O governo brasileiro deve aceitar maior abertura da economia e ser mais audacioso nas negociações da Rodada Doha, patrocinada pela Organização Mundial do Comércio (OMC), segundo o Ministério da Fazenda. Essa opinião contraria a política seguida até agora pelo Itamaraty, mais favorável a uma redução cautelosa das tarifas de importação de bens industriais. A proposta de maior abertura é oportuna, mas foi recebida com críticas por entidades da indústria e por funcionários federais. As principais críticas dos empresários confundem problemas internos com assuntos de comércio exterior. Há pelo menos dois bons argumentos a favor da sugestão da Fazenda. Primeiro, uma abertura maior do mercado pode ajudar a modernização das empresas brasileiras e o crescimento econômico. Reduzir as alíquotas não implica renunciar à defesa contra a concorrência desleal. Os meios de proteção contra subsídios ilegais e dumping continuarão disponíveis e serão usados, como nos países com as tarifas mais baixas, se houver competência no governo.

Em segundo lugar, ofertas mais audaciosas poderão contribuir para o avanço das negociações, pois ficarão condicionadas, em princípio, às contrapartidas apresentadas pelos demais participantes.

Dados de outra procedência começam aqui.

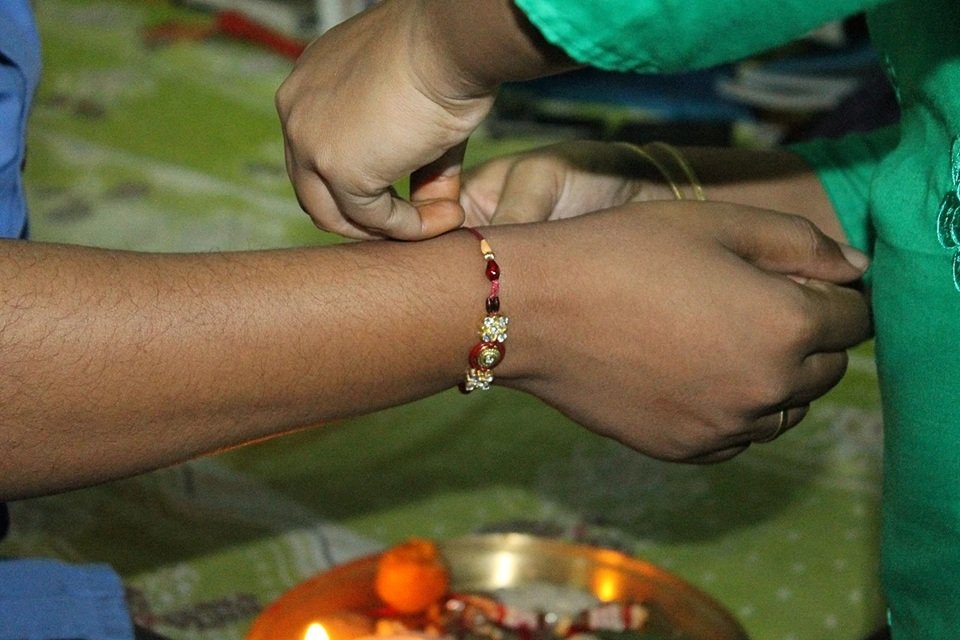 Rakshabandhan: बहन ने राखी भेजी है, घर से बाहर रहने वालों को किस से बंधवानी चाहिए? जानिए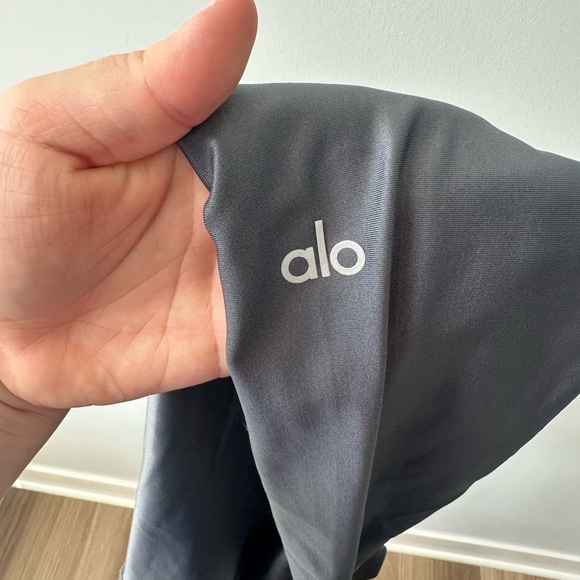 ALO Yoga High-Waist Airlift Leggings - Picture 10 of 10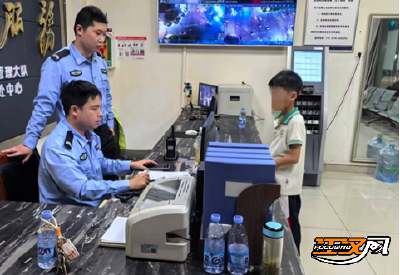 警灯暖人心 守护回家路！松滋交警一晚内暖心救助三名走失儿童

Não tem sentido imaginar que os brasileiros possam manter em reserva, por muito tempo, melhores ofertas. O ministro de Relações Exteriores, Celso Amorim, já havia admitido, informalmente, que o Brasil e seus aliados terão de fazer um "gesto", em termos de redução tarifária, para obter maiores concessões no comércio de produtos agrícolas. Mas os negociadores do mundo rico sabem disso e é duvidosa a vantagem de retardar esse gesto, especialmente se a oferta finalmente apresentada for muito tímida. Mas dificilmente se poderá evitar a timidez. O governo tende a rejeitar a proposta da Fazenda e ainda precisará combinar a posição do Mercosul, provavelmente ainda mais defensiva.

Igualmente criticável é a insistência da diplomacia em negociar como se o Brasil só tivesse interesses comerciais no agronegócio. O presidente da República e seus conselheiros para assuntos internacionais vivem falando contra atitudes subalternas e complexos de inferioridade. Ora, complexo de inferioridade é negociar como se a indústria só pudesse manter-se atrás de altas barreiras.

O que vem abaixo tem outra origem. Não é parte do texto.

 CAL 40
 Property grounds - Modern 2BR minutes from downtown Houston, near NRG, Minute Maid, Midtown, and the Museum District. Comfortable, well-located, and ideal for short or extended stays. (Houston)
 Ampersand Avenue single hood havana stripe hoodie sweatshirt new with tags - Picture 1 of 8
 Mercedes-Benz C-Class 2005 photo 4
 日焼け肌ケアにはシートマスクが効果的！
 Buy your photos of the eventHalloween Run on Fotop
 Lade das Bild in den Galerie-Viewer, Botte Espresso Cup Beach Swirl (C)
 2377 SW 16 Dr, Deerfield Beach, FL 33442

Além do mais, ainda restaria uma considerável proteção efetiva. As tarifas máximas de importação, consolidadas na OMC mas não necessariamente aplicadas, cairiam de 35% para 10,5%. A média das tarifas efetivas passaria de 10,77% para 7,39%. Seriam reduzidas 5.480 tarifas aplicadas, 62% das 8.822 consolidadas na OMC.

Segundo porta-vozes do empresariado, o poder de competição da indústria é afetado por fatores fora de seu alcance, como juros elevados, infra-estrutura deficiente, impostos muito altos e real valorizado.

A queixa tem fundamento, mas o remédio não pode ser o protecionismo. Durante décadas, a indústria brasileira confiou no câmbio e nas barreiras para se proteger da concorrência externa. A partir dos anos 80, alguns empresários, prevendo o início da abertura, investiram na modernização produtiva e gerencial. Com a redução das barreiras, outros seguiram esse caminho para sobreviver. Os demais foram arrasados.

Mas faltou cuidar dos problemas externos à empresa. A indústria brasileira ganhou mercados, passou a depender mais da exportação do que dependia até há poucos anos e conseguiu continuar vendendo mesmo com o câmbio valorizado. Mas ainda enfrenta custos financeiros muito altos e impostos excessivos e irracionais, além de não dispor de uma infra-estrutura comparável à de países mais competitivos.

Crédito, impostos e infra-estrutura afetam o poder de competição internacional, mas são problemas internos. São passíveis de solução por mudanças tributárias, por uma revisão do processo orçamentário e por inovações favoráveis à ampliação e ao barateamento dos empréstimos. Brigar pela manutenção de barreiras comerciais é buscar a solução errada, porque o problema é outro. Até o câmbio será menos importante, se aqueles fatores forem corrigidos. É esse o caminho seguido pelos países mais competitivos e isso não depende de uma decisão brasileira.